A new article coauthored by Wesley Perkins, professor of sociology, and David Craig, professor of chemistry, in collaboration with Jessica Perkins of the Department of Health Policy, Harvard University, was just published.
Titled “Misperceptions of Peer Norms as a Risk Factor for Sugar-Sweetened Beverage Consumption among Secondary School Students,” the article appears in the December issue of the Journal of the American Dietetic Association and introduces social norms theory to the growing concern about sweet drink consumption and its link to obesity among adolescents. It is the first article to document how misperceptions of peer norms are associated with excessive consumption of sugar-sweetened beverages and is based on data the authors collected among more than 3,800 secondary school students in eight schools in western region of the United States.
The social norms model was originally introduced to the field of health promotion and risk prevention by Perkins in the 1980s, and Perkins and Craig have been leaders in designing applications and conducting research since.
Perkins is a graduate of Purdue University, and he received his M.A., M. Div., M. Phil. and Ph.D. from Yale University. He is the author of dozens of journal articles about substance abuse prevention and has been honored with national awards for his work in preventing alcohol and drug abuse in colleges and universities. He is co-director of the Hobart and William Smith Colleges Alcohol Education Project.

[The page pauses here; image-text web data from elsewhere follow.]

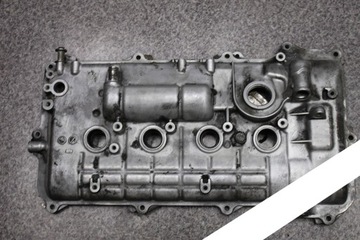 Auris 2 1.8 hybrid 2zr клапанная крышка головки, фото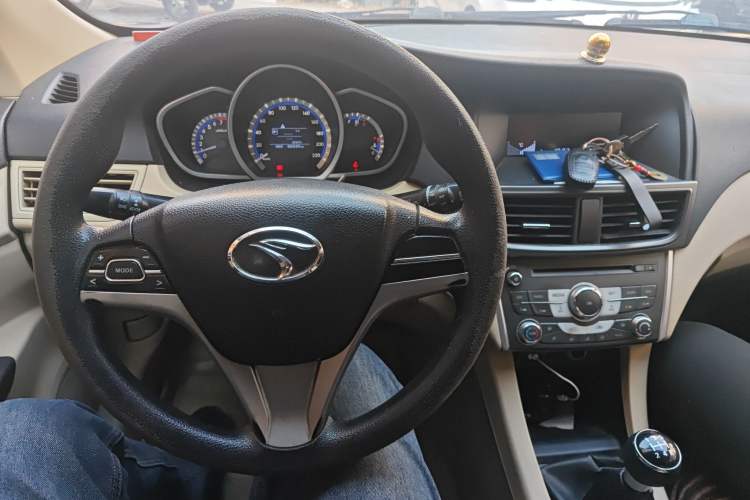 Used Soueast V6 Lingshi 2014 1.5L Manual Luxury Edition for Women Steering Wheel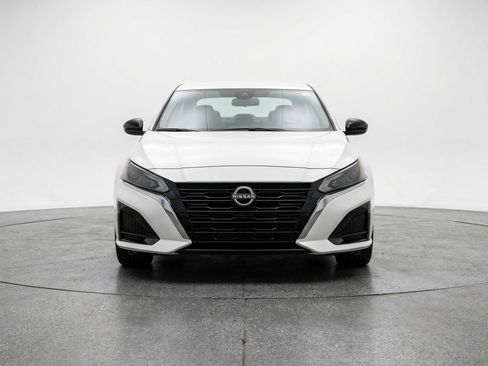 Used 2025 Nissan Altima 2.5 SV FWD image 2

In addition to his teaching duties, Craig is co-director of the Hobart and William Smith Colleges Alcohol Education Project and is principle investigator of a program of BAC research at HWS. He is a leader in interdisciplinary program development particularly in the integration of the sciences into programs focusing on health and wellness at both the college and secondary school levels and has published numerous publications and a recent film on this subject.